Though representatives of European nations still were pushing for a more liberal stance and some developing countries wanted a more conservative posture, negotiators for both the United States and the Vatican Saturday said they would settle for a reaffirmation of the compromise position on abortion and reproductive rights worked out in Cairo at the World Conference on Population and Development.
The Cairo agreement endorsed making safe abortions available to women in nations where abortion is not against national or local laws; it stressed simultaneously that abortion should not be promoted as a method of family planning and that recourse to abortion should be reduced by making expanded and improved family planning services available.
The peace between the Americans and the church seemingly assures that there will be no strong movement here to roll back or broaden those provisions in the document that 40,000 women’s advocates came to China to produce.
“This meeting should be focused on the real problems of the world’s women, not just stuck on a few issues,” Janne Haaland Matlary, one of the Vatican’s chief negotiators at the women’s conference, said in an interview. “We are very happy with the public statements made by the Americans.”
Geraldine Ferraro, vice chairman of the U.S. delegation, said that “we want to maintain the Cairo document. We don’t want to go back, and we don’t want to reopen it. Our delegation is reaching out to the Holy See, reaching out to the Islamic countries which have any problem” to avoid conflict.
“We have to find common ground, find a consensus,” Ferraro said. “I think we’ll have it before we leave here.”

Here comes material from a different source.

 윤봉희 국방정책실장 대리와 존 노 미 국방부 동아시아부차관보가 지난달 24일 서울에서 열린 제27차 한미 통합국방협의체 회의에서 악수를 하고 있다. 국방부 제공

U.S. delegates say their top priorities are to broaden the understanding of women’s rights as universal human rights, and to push for women’s equality in access to health care, education and employment. Vatican negotiators say their priorities are to urge equal access to education, to advocate greater rewards for women who stay in the home, and to oppose the preference for boys that leads to abortions and killings of girls in many countries.

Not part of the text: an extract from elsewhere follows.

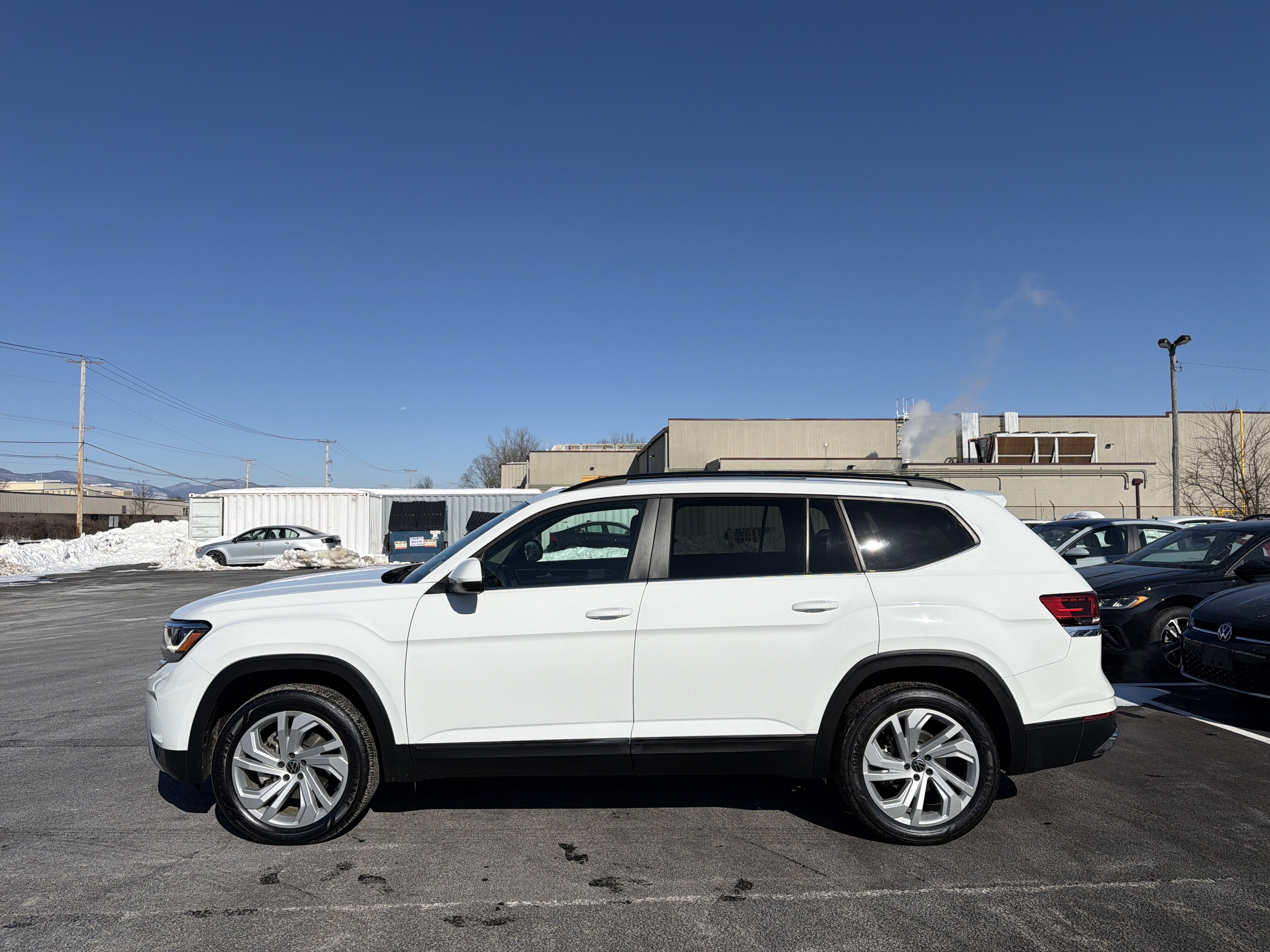 2023 Volkswagen Atlas 3.6L V6 SE w/Technology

Like the Cairo document, the language being negotiated here will not be binding on the 180-plus nations participating in the drafting process. Nevertheless, delegates and activists say, it is of tremendous importance for setting moral standards and influencing the social climate in countries around the world.
“In the U.N. context, if you repeat language more than once, you lock it in,” said Donna Shalala, secretary of health and human services. “Don’t try to get me into a box on the reproductive health issue. There is much here that goes beyond Cairo” in other areas. “We already have achieved considerable consensus on topics that have never before been so substantively dealt with in a U.N. document.”